Sheet Pan Roasted Chicken and Vegetables
This healthy, simple, and delicious sheet pan roasted chicken and vegetables is ready in 30 minutes. Perfect for busy nights!
- 4 boneless skinless chicken breasts
- 2 cups small red potatoes halved crosswise
- 2 cups brussels sprouts cut in half
- 1 1/2 tsp minced garlic divided
- 4 tbsp olive oil divided
- 1 lemon zested and juiced
- 3 tsp fresh thyme leaves
- 1 tsp salt
- 1/2 tsp black pepper
Preheat oven to 400 degrees. Spray a large sheet pan with nonstick spray.
Place on the sheet tray: potatoes and Brussels sprouts.
In a small measuring cup, combine 3 tablespoons olive oil, 1 teaspoon of the minced garlic, and lemon zest. Drizzle over the vegetables, tossing to coat well.

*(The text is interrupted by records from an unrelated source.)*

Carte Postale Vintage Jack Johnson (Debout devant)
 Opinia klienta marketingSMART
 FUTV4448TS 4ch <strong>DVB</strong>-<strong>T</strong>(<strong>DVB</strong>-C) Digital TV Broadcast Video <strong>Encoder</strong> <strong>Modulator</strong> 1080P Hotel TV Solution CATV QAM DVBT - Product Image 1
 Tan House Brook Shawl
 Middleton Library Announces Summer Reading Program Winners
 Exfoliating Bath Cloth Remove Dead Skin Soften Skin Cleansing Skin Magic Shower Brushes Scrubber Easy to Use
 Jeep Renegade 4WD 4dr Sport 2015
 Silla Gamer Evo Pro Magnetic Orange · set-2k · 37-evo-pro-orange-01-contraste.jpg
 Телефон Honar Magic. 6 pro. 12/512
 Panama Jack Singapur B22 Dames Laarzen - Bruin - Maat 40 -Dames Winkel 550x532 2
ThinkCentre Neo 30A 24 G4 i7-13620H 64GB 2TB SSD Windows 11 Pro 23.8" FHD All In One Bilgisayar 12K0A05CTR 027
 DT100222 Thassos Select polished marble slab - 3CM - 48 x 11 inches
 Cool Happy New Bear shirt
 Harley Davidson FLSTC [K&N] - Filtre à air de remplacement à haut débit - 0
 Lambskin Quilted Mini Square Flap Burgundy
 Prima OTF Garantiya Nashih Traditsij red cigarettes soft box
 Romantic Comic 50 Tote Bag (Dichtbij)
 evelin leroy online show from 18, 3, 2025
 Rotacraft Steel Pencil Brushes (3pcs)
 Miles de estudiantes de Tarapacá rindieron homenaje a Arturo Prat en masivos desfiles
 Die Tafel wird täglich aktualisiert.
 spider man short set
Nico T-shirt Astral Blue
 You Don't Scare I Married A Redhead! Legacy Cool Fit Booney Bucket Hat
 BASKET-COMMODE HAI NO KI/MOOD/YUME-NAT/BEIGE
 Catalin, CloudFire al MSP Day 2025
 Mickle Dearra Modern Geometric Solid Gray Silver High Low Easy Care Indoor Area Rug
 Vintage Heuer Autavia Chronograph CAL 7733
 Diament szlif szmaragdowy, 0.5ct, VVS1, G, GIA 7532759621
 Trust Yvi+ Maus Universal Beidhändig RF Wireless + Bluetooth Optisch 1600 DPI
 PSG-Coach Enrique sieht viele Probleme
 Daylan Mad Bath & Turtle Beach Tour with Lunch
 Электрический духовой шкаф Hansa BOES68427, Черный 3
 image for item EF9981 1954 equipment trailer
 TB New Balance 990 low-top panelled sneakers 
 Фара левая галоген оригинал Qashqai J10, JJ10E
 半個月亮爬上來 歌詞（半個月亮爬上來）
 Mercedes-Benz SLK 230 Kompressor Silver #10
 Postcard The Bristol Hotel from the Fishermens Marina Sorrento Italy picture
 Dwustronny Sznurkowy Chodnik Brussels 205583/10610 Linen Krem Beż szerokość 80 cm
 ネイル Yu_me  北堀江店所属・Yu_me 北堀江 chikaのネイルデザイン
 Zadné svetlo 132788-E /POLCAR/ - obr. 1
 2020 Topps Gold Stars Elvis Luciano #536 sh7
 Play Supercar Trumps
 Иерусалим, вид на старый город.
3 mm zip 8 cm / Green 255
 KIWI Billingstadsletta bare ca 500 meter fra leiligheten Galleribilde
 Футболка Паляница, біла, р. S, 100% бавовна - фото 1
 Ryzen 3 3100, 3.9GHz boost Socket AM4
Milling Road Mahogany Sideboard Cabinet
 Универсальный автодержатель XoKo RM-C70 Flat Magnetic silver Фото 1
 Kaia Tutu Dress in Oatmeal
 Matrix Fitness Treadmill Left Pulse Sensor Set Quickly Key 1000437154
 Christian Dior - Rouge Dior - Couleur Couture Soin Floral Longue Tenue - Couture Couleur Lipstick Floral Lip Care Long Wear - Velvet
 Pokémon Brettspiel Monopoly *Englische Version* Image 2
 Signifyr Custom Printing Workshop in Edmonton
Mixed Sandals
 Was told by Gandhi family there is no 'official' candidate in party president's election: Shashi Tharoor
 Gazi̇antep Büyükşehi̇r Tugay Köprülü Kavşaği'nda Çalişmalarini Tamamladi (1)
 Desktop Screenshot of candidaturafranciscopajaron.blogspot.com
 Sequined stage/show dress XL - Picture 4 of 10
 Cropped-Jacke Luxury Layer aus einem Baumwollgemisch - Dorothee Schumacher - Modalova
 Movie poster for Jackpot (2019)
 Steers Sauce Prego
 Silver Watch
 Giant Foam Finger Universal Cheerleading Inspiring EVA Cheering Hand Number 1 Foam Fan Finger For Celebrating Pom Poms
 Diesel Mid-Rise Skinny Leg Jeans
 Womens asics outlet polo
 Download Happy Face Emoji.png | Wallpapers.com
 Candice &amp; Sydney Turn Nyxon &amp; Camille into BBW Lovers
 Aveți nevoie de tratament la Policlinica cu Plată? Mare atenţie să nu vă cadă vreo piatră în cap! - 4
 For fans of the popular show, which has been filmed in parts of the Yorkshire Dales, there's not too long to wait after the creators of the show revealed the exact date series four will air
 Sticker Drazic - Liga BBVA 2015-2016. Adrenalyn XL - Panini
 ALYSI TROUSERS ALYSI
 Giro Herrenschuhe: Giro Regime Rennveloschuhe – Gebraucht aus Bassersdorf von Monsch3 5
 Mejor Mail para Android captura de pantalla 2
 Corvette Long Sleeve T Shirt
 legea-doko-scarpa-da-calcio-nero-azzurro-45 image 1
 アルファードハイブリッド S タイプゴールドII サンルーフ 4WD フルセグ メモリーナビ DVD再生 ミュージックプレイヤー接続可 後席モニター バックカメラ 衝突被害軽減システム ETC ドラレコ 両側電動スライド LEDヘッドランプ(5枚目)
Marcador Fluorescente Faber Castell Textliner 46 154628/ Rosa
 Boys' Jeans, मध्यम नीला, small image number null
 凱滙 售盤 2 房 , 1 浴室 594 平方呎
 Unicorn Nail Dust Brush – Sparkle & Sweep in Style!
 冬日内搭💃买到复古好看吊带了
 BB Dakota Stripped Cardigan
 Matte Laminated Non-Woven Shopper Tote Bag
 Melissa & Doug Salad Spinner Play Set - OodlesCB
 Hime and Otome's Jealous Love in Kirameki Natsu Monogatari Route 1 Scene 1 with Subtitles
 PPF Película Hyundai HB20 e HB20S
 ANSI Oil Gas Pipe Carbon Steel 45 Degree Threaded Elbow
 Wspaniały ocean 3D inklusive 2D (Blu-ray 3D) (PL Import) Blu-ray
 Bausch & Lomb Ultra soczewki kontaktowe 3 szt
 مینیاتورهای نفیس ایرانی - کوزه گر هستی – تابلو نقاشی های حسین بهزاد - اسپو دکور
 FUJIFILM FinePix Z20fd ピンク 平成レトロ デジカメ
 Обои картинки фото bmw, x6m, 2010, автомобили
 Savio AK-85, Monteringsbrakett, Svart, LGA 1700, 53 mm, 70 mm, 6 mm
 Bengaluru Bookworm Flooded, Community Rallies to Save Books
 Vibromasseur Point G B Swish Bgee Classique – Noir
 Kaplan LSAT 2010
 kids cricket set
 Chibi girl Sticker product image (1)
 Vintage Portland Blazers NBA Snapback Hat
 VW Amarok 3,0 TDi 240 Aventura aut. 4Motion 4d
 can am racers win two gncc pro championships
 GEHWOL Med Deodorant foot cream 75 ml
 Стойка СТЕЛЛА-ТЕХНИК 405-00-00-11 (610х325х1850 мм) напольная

Place chicken breasts on top of the vegetables in the center of the sheet tray.
Combine the remaining 1 tablespoon olive oil, the remaining 1/2 teaspoon minced garlic, lemon juice, thyme, salt and black pepper evenly over the chicken breasts and vegetables.
Roast chicken breasts and vegetables in a pre-heated oven for 25 to 30 minutes, until the chicken is cooked and the vegetables are tender and golden brown. Let chicken rest for 2 to 3 minutes before slicing.